Unfinished business: Coffea arabica

My big huge Coffea is no more. Sort of. It always was multiple plants in the same pot, but the biggest one started dropping leaves and branches after it came in for the winter. Eventually I chopped off the top 5 feet / 1.5 m, give or take, but the leaves are still falling, just more slowly. I'm not sure what happened; my best guess is that having the plant sitting on the cold concrete floor of the plant room was too cold for too long. Though that wouldn't explain why the next-largest plant in that pot has done fine, and has added about a foot and a half (0.5 m) of new growth during the winter even though it was in the same soil.

The plant used to be slightly taller than the stake.

Possibly light was a problem too: the Coffea had been living in the northwest corner of the plant room, which was cold, but bright. It was too big to put back there this winter, though, so it wound up further from windows, getting a lot less light.

In any case. The plant is dead(-ish), but it lives on in spirit, because I'd harvested a ton of seeds from it before it died, and those seeds have been sprouting for a few weeks now. (The tiny first batch took 57 days before the first seed did something visible, the big second batch took less than 67 but I don't know how many exactly; the big third batch took 45 days, and I'm still waiting on the big fourth batch; so far it's taken about 44 days, so I should be seeing sprouts very soon.) I've been pulling seedlings out of the vermiculite and potting them into soil when I see the seed leaves, like this:

I've been putting three seedlings together per pot, and I'm already up to 26 pots, plus six pots from last year. It's theoretically possible, based on the number of seeds I harvested, that I could wind up with 150 Coffea plants at some point. I do like Coffea arabica a lot, and I never want seeds I start to fail, exactly, but in this particular instance I wouldn't mind if . . . fewer seeds succeeded than usual.


Elke Schwarzer said...

That was exactly the same with my coffee plant. It was three in the same pot and all but one died on me. The leaves were not falling off, just hanging there, drooping and looking really dead.
I hat to cut two of the three plants down, the third ist thriving.
Leave-shedding after getting the plants indoors in autumn is pretty normal, but this hanging-leaves problem definitely is not.
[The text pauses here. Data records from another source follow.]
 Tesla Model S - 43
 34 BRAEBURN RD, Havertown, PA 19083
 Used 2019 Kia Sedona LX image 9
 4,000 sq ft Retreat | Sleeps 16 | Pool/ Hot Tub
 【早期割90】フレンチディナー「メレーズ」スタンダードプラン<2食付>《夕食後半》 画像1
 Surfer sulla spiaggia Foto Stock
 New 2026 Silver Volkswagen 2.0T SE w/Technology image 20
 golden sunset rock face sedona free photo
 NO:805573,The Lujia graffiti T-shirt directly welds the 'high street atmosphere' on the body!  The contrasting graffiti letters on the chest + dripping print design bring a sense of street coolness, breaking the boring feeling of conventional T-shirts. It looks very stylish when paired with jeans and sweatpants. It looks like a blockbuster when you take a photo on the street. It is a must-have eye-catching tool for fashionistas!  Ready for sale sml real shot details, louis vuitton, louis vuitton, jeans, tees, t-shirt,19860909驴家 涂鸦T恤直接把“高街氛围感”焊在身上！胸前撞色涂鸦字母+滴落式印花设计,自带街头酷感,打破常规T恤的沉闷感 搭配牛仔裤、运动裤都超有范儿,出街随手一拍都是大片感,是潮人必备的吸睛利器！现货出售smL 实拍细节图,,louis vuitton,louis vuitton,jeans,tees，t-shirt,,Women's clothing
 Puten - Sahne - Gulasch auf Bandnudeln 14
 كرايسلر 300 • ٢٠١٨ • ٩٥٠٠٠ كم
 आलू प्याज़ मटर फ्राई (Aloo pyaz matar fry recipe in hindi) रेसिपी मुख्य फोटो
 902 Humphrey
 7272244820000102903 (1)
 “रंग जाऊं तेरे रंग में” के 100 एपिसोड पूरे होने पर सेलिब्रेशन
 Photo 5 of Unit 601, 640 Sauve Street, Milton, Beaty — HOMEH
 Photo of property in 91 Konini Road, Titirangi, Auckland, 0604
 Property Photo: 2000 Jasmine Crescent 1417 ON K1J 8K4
Laura @ Raise Your Garden said...


I have a coffee plant too. But my plant is only about 5 inches tall, still, I'm so proud of it!!!

I mean, I live in Buffalo, keep it in my sunniest window and basically do my best for it.

Then, my mother comes over. She gave me the plant in the first place and always complains it never has enough water. But I thought these plants liked to dry out a bit and then get deluged with water?!? Help! We don't have coffee plants in Buffalo, so I need all the help I can get!

And...is there any hope for coffee beans for me or not? I would love to think I'd get a few coffee beans if I keep nurturing my plant. Wish I could send a pic to get a full evaluation but I'm not that great with technology. Great post! Thanks!

mr_subjunctive said...

Laura @ Raise Your Garden:

Well, it's complicated.

Your mom's not wrong. They do like a lot of water. That said, if you're watering before the leaves droop, and the plant seems to be doing fine (leaves are solid green, not dropping lots of leaves at once, producing steady new growth), you probably don't need to change anything.

You don't usually see flowers until the plant is about 4-5 years old (at about 4-5 feet tall); once you start seeing flowers, berries are pretty much inevitable. If your plant is only about 5 inches tall, then either you've only had it a short time and it's about 4-6 months old, or it's potbound and should be moved up to a slightly larger pot. (I up-pot my plants about every year, year and a half.)